A nulla sono serviti per convincere i cinque giudici conservatori le testimonianze portate dall’accusa di numerose ex dipendenti di Walmart che hanno raccontato episodi di ordinaria discriminazione. Per Antonin Scalia queste testimonianze hanno rappresentato soltanto aneddoti isolati, del tutto insignificanti in una class-action di questa portata.

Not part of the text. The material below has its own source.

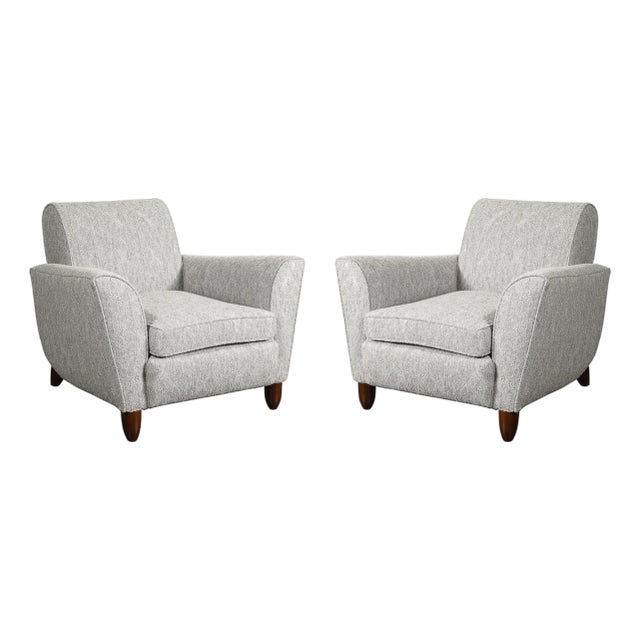 Mid-Century Hand-Rubbed Walnut & Holly Hunt Geo Mohair Club Chairs by James Mont For Sale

La Corte ha anche scartato lo studio sull’ambiente manageriale nei negozi di Walmart del sociologo William Bielby, il quale aveva messo in luce la condizioni più favorevoli per i dipendenti di sesso maschile. A giudizio della maggioranza della Corte, il gap tra uomini e donne nelle retribuzioni e negli avanzamenti di carriera potrebbe essere spiegato da altri fattori, come ad esempio la carenza di donne sufficientemente qualificate in una specifica realtà locale.

Di fronte ad una delle sentenze più benevole al business a stelle e strisce da parte della Corte Suprema guidata da John Roberts - a sua volta una delle corti più favorevoli agli interessi del capitale privato nella storia americana - alle vittime delle discriminazioni di Walmart non resta che presentare denunce singole o a gruppi più ristretti. Una prospettiva solo teorica in realtà, visto che la maggior parte di esse rinuncerà a procedere contro il colosso di Bentonville, Arkansas. Dopo un decennio di contese legali che non hanno portato a nulla, è improbabile che in molte vorranno accollarsi le spese per sfidare una potente corporation che può permettersi decine di costosi avvocati.

Walmart opera ormai in 15 paesi nei quali gestisce quasi 9 mila negozi. Solo negli USA occupa qualcosa come 1,5 milioni di persone, mentre nel 2010 i suoi profitti hanno toccato i 12,7 miliardi di dollari.

Il successo economico di Walmart è dovuto in gran parte ad una politica tesa a comprimere le retribuzioni di quelli che ipocriticamente vengono definiti “associati”. Da anni Walmart è al centro di aspre polemiche a causa delle pratiche autoritarie e anti-sindacali normalmente adottate.

Il verdetto della Corte Suprema, che restringe in maniera drastica la percorribilità della class-action, è stato accolto comprensibilmente in maniera trionfale dal business americano. Uno degli avvocati che ha discusso il caso per il team legale assoldato dalla Camera di Commercio ha riconosciuto che la sentenza “rappresenta senza dubbio la decisione più importante da più di un decennio a questa parte sulle class-action”.

Di parere opposto sono state ovviamente le reazioni dell’accusa e delle associazioni a difesa dei diritti dei cittadini. A cogliere la portata storica della decisione della Corte è stato uno dei legali delle ex dipendenti Walmart, Joseph Sellers, il quale ha fatto notare come i cinque giudici di maggioranza abbiano “ribaltato 40 anni di giurisprudenza”, che in passato ha permesso a casi collettivi di procedere contro pratiche aziendali comuni messe in atto dalle corporation pur con effetti differenti sui singoli lavoratori coinvolti.